Msgr. Sheen, who also converted Henry Ford II, the late Heywood Broun, and others to Catholicism, declined to comment on the conversion of the congresswoman.
Rep. Luce, who is 42, announced tonight that she would retire from public life at the end of her present term in Congress.
In a statement issued through the Bridgeport (Connecticut) Post, Mrs. Luce said the question of her new faith might be injected “by a few cynical people into a campaign in our state.”
“Therefore,” she said, “I have chosen to be unavailable by design or draft for elective office.”
Mrs. Luce said she had intended “for a very long time” to enter the Catholic faith.
“It would naturally be asked at this time,” she said, “if this is related to my decision not to be a candidate for the Senate or the House. Plainly, there is a relation. For the question of faith which all Americans must always wish kept out of politics might be injected by a few cynical people into a campaign in our state.”

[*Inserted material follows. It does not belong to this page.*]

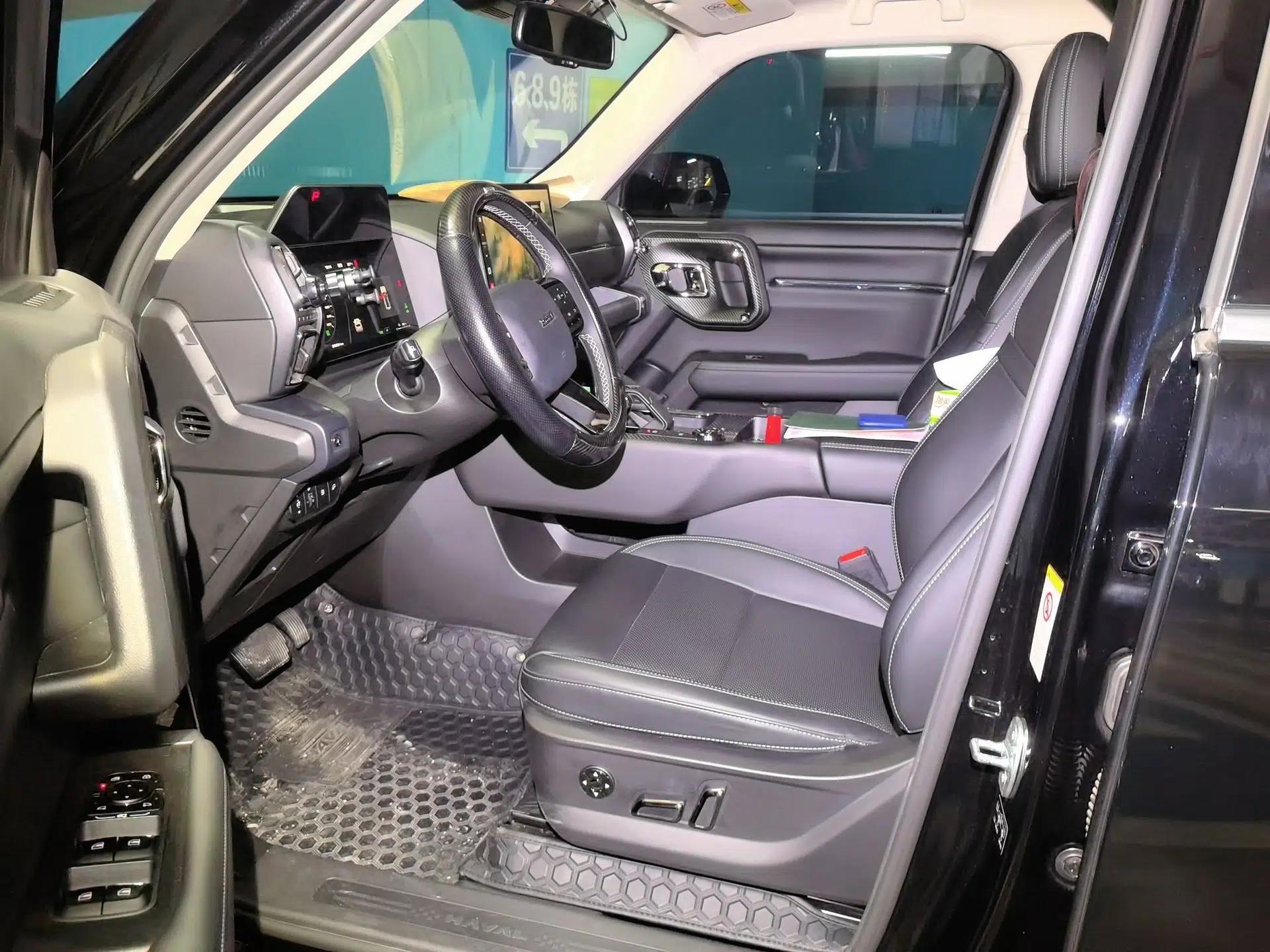 Haval H Dog New Energy 2023 DHT-PHEV 105km Tide Electric Version Plus — миниатюра 16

Mrs. Luce said that “tolerant people of all faiths in our state would not wish to see such a false issue obscure the many important political issues which face our nation today.”
Mrs. Luce apparently went into seclusion after deciding to issue her statement through a leading newspaper of her congressional district.
Mrs. Luce is the wife of Henry Luce, publisher and Protestant. She lost her only child, Anne Brokaw, in an auto accident two years ago.
Mrs. Luce graduated from St. Mary’s Episcopal School, at Garden City, New York. Her first husband was George Tuttle Brokaw, whom she divorced.